Would you transcribe the listing that follows word for word, skipping pictures?

DATASET SECTION
***

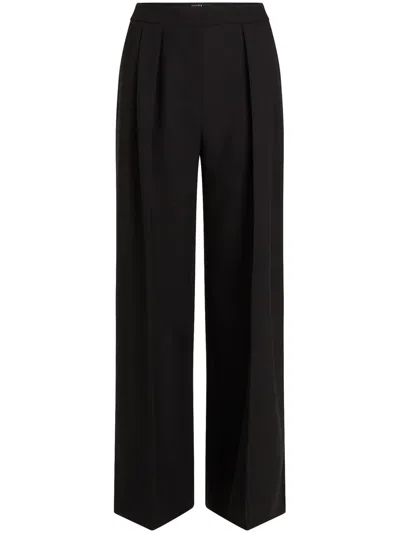 Karl Lagerfeld High-waist Wide-leg Tailored Trousers In Schwarz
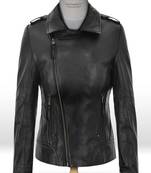 Women’s soft  blackleather  jacket handmade western cowgirl biker style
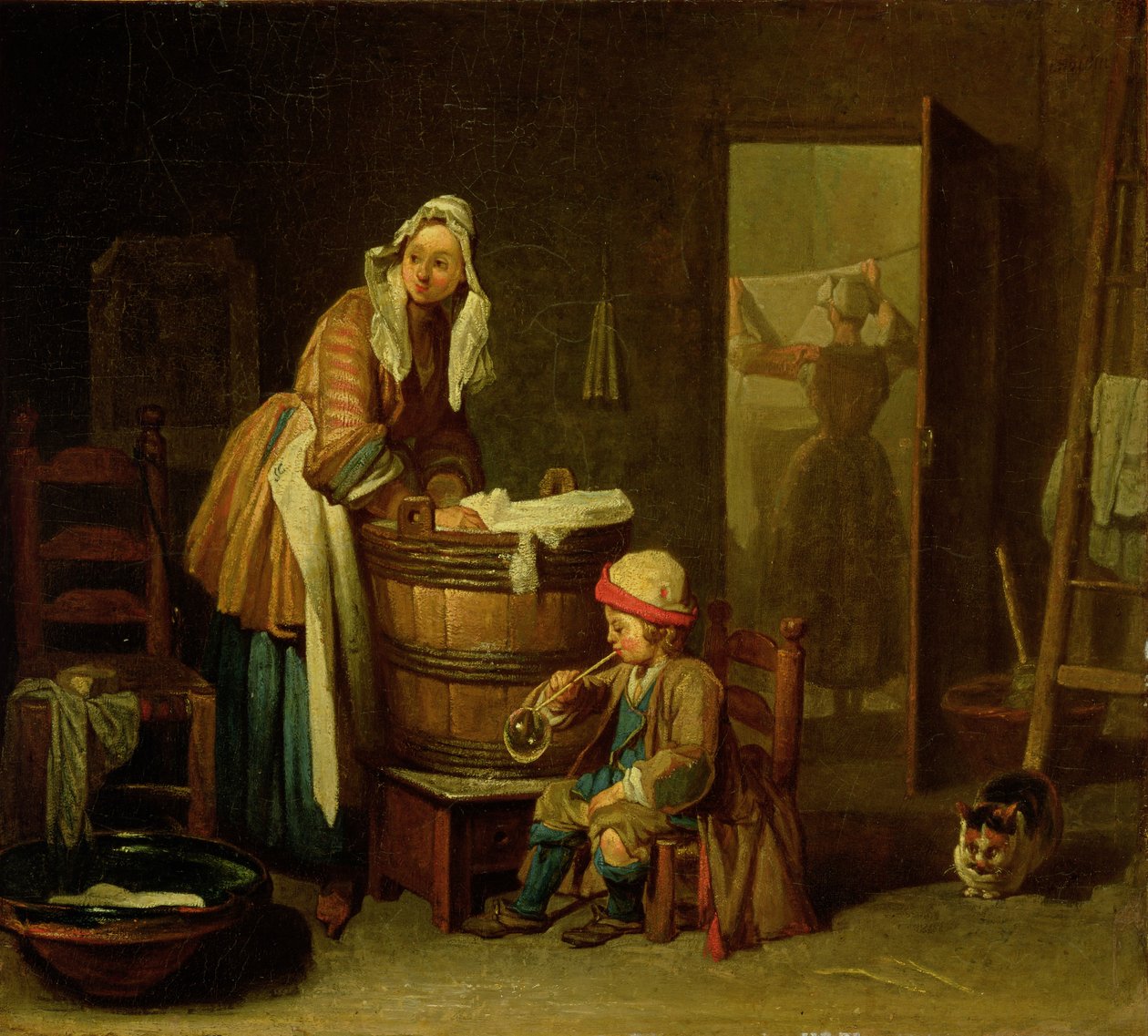The Laundress (öljy kankaalle) tekijältä Jean Baptiste Simeon Chardin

***

YOUR SOLUTION
 Karl Lagerfeld High-waist Wide-leg Tailored Trousers In Schwarz
 Women’s soft  blackleather  jacket handmade western cowgirl biker style
The Laundress (öljy kankaalle) tekijältä Jean Baptiste Simeon Chardin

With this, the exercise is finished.